To obtain 25 percent profit on this or any other job, we must calculate the profit as a percentage of the final selling price, not the job cost. Since we do not know it yet, we must derive it mathematically by dividing the job cost, $541.63, by 75 percent (.75). If you have a calculator handy you'll quickly determine that this results in a selling price of $722.17. This is what our client charges to install a Gerber Ultra-Flush water closet.

Good Value

Again, your price may differ because of a different cost structure and perhaps a willingness to settle for a smaller profit percentage. I don't really care how much you charge, as long as you earn a decent living for yourself and your faithful associates, cover all your costs and make a good profit.

Unfortunately, the vast majority of service and repair contractors in this industry do none of this. As a result, they lower consumer expectations of what is a "reasonable" price to pay for plumbing and heating services, which hurts all of us. In fact, I'm sure many of you reading this column will say that $722.17 is way too much to charge for a toilet installation.

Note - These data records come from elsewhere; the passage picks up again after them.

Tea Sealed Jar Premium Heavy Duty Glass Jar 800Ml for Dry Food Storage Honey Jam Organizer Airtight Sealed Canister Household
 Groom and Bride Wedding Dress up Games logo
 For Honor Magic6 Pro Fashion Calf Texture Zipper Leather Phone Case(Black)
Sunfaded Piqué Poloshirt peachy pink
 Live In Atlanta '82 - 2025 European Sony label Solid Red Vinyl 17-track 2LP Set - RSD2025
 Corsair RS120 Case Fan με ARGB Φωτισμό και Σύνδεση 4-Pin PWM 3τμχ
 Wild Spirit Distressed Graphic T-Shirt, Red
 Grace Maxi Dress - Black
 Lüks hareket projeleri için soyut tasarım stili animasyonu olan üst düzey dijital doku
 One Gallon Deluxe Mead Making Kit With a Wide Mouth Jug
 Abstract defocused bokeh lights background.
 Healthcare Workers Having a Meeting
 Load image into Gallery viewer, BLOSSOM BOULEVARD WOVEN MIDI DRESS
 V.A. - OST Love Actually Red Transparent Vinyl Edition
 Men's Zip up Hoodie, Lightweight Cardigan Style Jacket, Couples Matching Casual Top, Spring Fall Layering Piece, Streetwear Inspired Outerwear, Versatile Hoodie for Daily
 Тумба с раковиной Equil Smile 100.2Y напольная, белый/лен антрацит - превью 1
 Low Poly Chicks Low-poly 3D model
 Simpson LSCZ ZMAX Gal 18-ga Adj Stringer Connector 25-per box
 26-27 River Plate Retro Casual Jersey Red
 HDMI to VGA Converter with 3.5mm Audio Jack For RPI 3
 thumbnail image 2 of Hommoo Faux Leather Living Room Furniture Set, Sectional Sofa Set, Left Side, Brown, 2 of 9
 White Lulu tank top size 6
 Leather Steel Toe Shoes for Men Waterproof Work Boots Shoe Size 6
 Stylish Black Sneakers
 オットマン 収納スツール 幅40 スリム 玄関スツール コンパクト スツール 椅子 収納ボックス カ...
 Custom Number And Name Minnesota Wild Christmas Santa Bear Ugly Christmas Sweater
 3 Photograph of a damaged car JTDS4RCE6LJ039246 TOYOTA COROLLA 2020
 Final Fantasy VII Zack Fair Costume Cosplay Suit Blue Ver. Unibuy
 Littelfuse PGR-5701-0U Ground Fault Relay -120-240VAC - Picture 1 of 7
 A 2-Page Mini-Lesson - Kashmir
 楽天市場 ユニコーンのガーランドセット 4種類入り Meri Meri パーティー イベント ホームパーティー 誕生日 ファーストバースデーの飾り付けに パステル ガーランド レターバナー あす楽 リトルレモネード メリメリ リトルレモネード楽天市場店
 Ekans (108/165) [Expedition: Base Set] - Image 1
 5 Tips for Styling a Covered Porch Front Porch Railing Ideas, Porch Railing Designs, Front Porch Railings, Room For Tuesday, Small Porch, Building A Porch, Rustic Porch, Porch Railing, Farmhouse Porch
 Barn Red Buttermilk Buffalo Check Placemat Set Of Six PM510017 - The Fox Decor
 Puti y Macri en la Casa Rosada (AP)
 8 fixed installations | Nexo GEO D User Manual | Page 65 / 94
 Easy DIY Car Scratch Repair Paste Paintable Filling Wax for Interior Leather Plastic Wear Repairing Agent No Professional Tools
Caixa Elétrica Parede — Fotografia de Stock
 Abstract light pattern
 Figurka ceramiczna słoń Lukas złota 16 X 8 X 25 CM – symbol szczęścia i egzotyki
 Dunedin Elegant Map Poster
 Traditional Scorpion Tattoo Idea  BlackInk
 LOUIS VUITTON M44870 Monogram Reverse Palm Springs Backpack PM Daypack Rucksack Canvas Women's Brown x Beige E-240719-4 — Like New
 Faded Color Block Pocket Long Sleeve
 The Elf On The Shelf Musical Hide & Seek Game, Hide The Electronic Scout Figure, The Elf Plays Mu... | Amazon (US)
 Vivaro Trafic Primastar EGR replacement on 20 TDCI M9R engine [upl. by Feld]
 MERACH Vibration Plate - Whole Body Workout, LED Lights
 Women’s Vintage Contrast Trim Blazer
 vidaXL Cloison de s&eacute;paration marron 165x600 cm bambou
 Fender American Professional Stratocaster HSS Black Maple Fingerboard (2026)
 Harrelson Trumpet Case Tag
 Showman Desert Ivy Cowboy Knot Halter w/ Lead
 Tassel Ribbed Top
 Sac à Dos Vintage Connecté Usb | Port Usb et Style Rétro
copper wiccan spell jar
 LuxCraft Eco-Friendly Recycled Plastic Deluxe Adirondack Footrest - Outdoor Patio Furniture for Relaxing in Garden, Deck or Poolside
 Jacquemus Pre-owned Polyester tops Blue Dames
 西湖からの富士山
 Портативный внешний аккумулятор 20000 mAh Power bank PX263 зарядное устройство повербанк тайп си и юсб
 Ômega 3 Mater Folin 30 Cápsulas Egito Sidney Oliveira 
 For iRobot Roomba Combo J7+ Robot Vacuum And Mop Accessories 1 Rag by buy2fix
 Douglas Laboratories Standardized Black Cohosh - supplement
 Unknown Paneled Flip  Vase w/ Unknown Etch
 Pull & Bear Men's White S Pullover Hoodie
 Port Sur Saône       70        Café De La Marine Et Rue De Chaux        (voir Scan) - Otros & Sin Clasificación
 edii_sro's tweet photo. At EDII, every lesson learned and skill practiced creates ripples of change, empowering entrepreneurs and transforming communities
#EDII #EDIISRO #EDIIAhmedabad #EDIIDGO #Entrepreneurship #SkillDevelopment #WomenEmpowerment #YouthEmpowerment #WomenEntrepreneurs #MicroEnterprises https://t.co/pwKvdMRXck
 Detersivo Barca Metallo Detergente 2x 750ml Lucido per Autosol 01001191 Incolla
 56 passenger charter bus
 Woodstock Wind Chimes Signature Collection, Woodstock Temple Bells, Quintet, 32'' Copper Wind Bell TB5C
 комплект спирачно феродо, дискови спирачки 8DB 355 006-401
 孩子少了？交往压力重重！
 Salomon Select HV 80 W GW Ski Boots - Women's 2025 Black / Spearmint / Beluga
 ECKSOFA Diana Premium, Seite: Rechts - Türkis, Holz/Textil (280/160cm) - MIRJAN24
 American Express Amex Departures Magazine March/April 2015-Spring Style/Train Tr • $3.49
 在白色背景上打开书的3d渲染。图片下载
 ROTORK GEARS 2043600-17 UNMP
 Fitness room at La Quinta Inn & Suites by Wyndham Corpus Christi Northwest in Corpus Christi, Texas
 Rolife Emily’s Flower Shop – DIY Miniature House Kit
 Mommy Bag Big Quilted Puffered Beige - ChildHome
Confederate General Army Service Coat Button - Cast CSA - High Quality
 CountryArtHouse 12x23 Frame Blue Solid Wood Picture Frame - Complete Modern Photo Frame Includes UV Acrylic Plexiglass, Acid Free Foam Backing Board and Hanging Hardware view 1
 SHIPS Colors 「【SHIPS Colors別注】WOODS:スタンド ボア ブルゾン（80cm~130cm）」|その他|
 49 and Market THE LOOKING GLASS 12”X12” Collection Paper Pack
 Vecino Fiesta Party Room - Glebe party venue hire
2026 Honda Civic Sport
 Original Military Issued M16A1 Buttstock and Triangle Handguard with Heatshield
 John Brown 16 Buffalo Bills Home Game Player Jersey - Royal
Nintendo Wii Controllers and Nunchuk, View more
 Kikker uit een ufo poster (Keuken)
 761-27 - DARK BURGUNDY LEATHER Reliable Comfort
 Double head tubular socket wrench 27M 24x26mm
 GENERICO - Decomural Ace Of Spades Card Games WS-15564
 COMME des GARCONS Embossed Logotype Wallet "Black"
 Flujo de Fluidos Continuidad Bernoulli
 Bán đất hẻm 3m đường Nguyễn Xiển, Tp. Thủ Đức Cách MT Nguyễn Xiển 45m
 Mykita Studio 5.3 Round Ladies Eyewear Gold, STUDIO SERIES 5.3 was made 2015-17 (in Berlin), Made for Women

Is it? In response, I say, you are the one who doesn't understand value. Consider this contractor is providing an indispensable product, one of the best of its kind on the market and guaranteeing it will work. This will probably be the last toilet the homeowner needs for at least 20 years or probably more, unless the homeowner decides to replace it for cosmetic reasons.

How much do you think that homeowner will pay for a new carpet or a new sofa or lounge chair? Try to obtain those goods for less than $722. And do you think they will last 20 years in any decent condition? How much do you think homeowners invest each year in landscaping?

So hold your poison pen letters. Instead, take a moment to do some soul-searching. Ask yourself whether the goods and services you provide are really worth so much less than all the other expenditures homeowners shell out for household items. It's time to hold your professional head up high, and stop thinking like a slug.